DATA TO USE
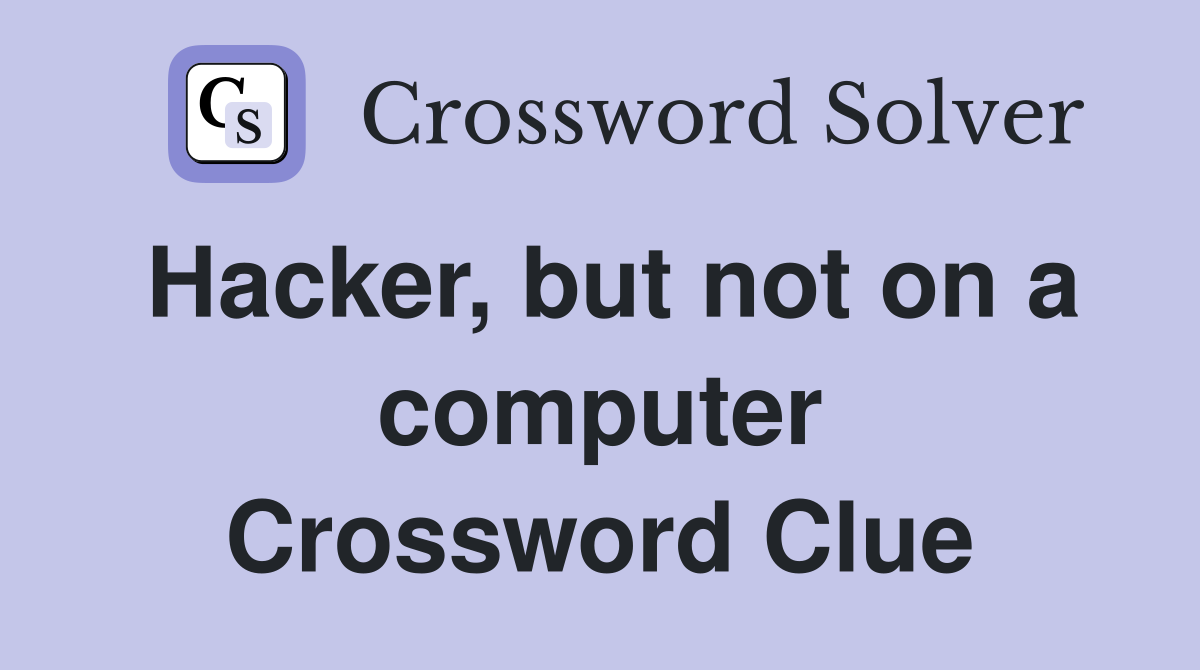 Hacker, but not on a computer Crossword Clue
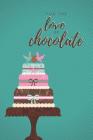 For the Love of Chocolate: A Chocolate Notebook By Susanna Stumpe, Unique Notebooks &. Journals Cover Image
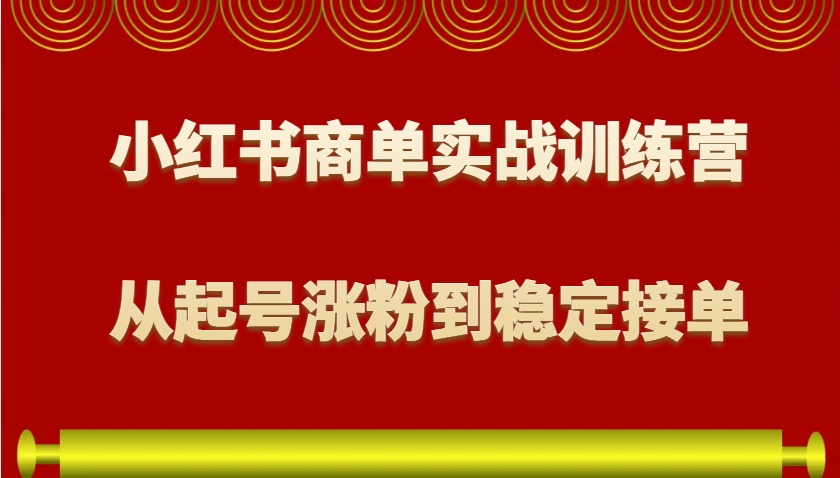 小红书商单实战训练营，从0到1教你如何变现，从起号涨粉到稳定接单，适合新手-点子口袋网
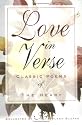 Love in Verse: Classic Poems of the Heart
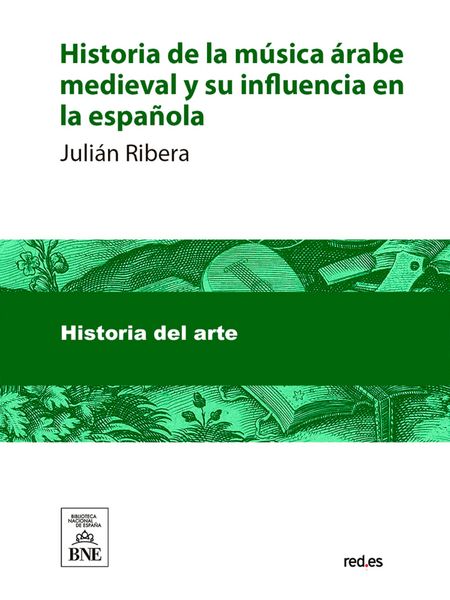 Produktbild: Historia de la m&uacute;sica &aacute;rabe medieval y su influencia en la espa&ntilde;ola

TASK BRIEF
Give again, word for word, only the lines from the line containing "For the Love" through the last line above, both included; leave the pictures out.

RESULT
 For the Love of Chocolate: A Chocolate Notebook By Susanna Stumpe, Unique Notebooks &. Journals Cover Image
 小红书商单实战训练营，从0到1教你如何变现，从起号涨粉到稳定接单，适合新手-点子口袋网
 Love in Verse: Classic Poems of the Heart
 Produktbild: Historia de la m&uacute;sica &aacute;rabe medieval y su influencia en la espa&ntilde;ola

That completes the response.